[ENTRIES SUPPLIED]

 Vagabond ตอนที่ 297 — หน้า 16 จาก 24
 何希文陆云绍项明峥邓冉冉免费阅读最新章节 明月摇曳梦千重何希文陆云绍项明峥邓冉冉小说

[/ENTRIES SUPPLIED]
[ENTRIES SUPPLIED]

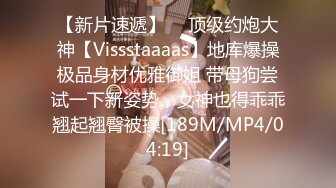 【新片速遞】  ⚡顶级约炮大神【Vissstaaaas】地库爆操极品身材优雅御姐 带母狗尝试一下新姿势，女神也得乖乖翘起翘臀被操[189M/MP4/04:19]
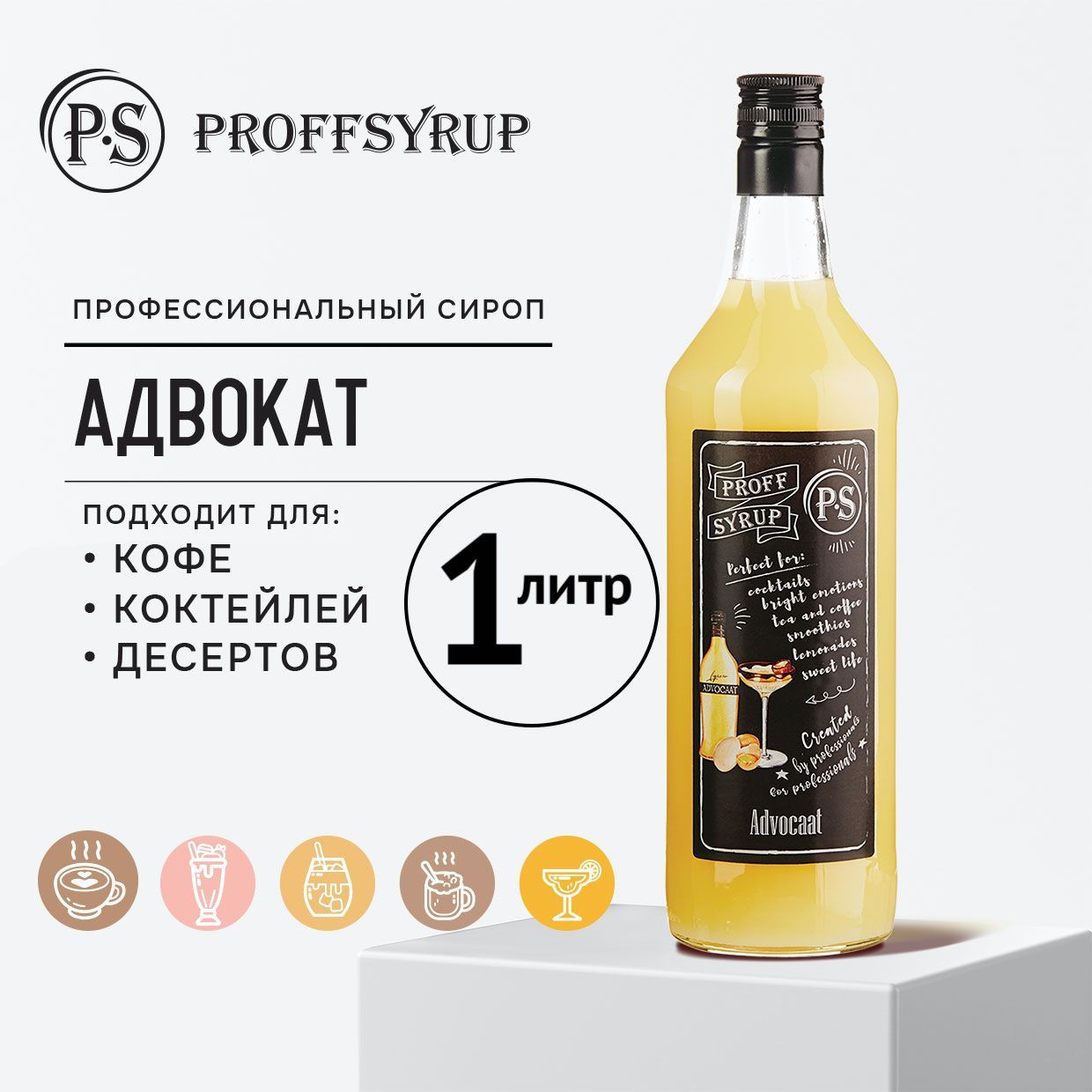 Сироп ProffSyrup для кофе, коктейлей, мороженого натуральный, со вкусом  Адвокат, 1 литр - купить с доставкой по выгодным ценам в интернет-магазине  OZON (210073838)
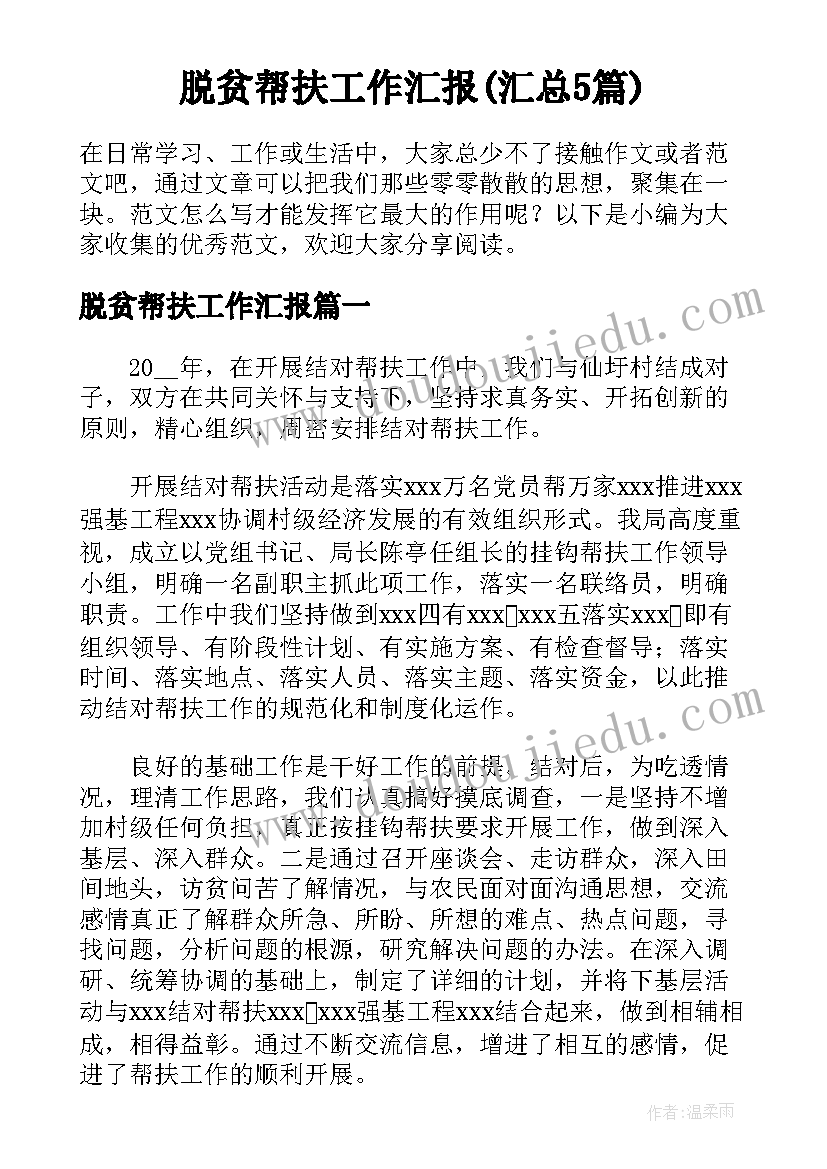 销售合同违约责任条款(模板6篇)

[/ENTRIES SUPPLIED]

▶ TASK ITEM: From the records above, retype only the lines starting at the line that contains "Vagabond ตอนที่ 297 — หน้า 16 จาก 24" and ending at the line that contains "何希文陆云绍项明峥邓冉冉免费", both included.

▶ RESULT OF THIS EXERCISE:
 Vagabond ตอนที่ 297 — หน้า 16 จาก 24
 何希文陆云绍项明峥邓冉冉免费阅读最新章节 明月摇曳梦千重何希文陆云绍项明峥邓冉冉小说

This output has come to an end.